Means of interaction. A visual feedback of communication with the server is indicated with a emitted circle in the s·nr logo (Fig. 2a). Calculating the PCA based on the currently selected genes is triggered with the only button integrated with the plot (Fig. 2b) Hovering over an experiment icon opens a context menu showing meta-data about the experiment (Fig. 2c). For public experiments, this also provides a link to the repository or the publication associated with the experiment to follow up more details. Clicking on a experiment icon pulls the associated data from the server and colorizes the icon indicating the loading status. The experiments can then be investigated further in the details view.

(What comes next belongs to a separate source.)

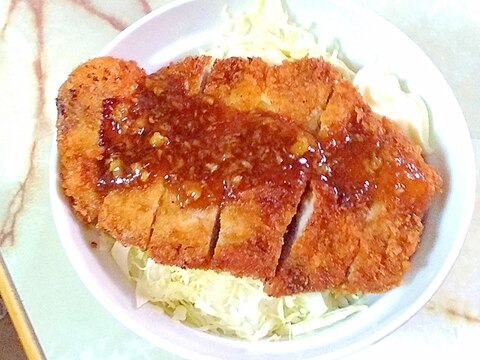 トンカツアレンジ！生姜焼きソースをかけたトンカツ丼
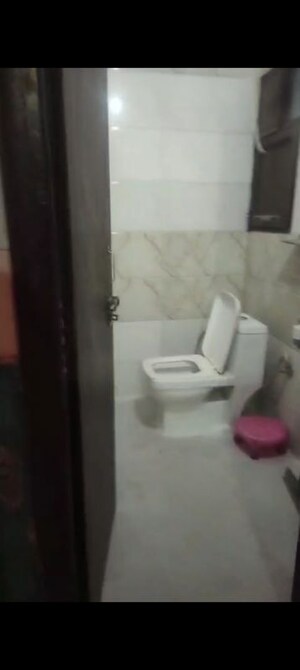 Bathroom in 2 BHK Builder Floor at Ansal Palam Triangle, Palam Vihar Extension – for Rent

The details view is the core of s·nr. It consists of three components (Fig 3a–c).

Fig. 3
figure 3

Details view for five mouse data sets with open GO term pane. The details view consists of three major interconnected components (ac). Additionally, the GO term pane (d) is open. a The focus experiment is depicted in the large scatter/hex plot. b Further data sets are visualized in the small multiples of the large scatter plot. c The table view shows detailed information per gene for the main experiment. d The GO term pane shows GO terms for the selected genes and associated options. Opening a GO term displays additional information about the term as well as the expression of it in the context experiments. Each GO term is represented using a GO plot which can be customized in the panes options. We depict a typical interaction example at the bottom, where brushing (selecting) genes in the main scatter plot leads to highlighting the corresponding genes in the context experiments and also automatically triggers a GO-term analysis of the selection

(1) Main scatter plot of the focus experiment. The focus experiment is displayed as large scatter plot in the center of the user interface (Fig. 3a). Initially the scatter plot shows a volcano plot [17] showing −log10(pValue) against foldchange. To avoid a cluttered visualization when rendering all genes as dots we incorporate a binned aggregation visualization [18] dividing the space in hexes and counting the number of genes falling into each hex. The fill color of the hex maps represents the number of genes it contains. Genes are rendered as dots either when a gene is selected in a different view to show context information or when the total number of genes to render is below 5.000. The user has the option to always render genes as dots using the scatter plot option menu. The dots are rendered semi-opaque to counteract over-plotting, rendering populated areas darker. By spanning rectangles on click, the user can brush genes in the scatter plot. The default behavior is to zoom in on the selected genes to see the selected elements in detail and refine the selection further. The selection will be linked to all other views described below. On mouse-over a gene, that gene is highlighted, triggering a pop-up context window showing details about the gene, its statistics and meta-data. Highlighted genes are also linked to all views, showing as much context information as possible. Through various options, the user can change the transformation of the scale of the axes (linear, -linear, log2, -log2, log10, -log10, sqrt, -sqrt) as well as zooming behavior (always show whole range or only selected range) and rendering-related options such as always drawing genes as dots.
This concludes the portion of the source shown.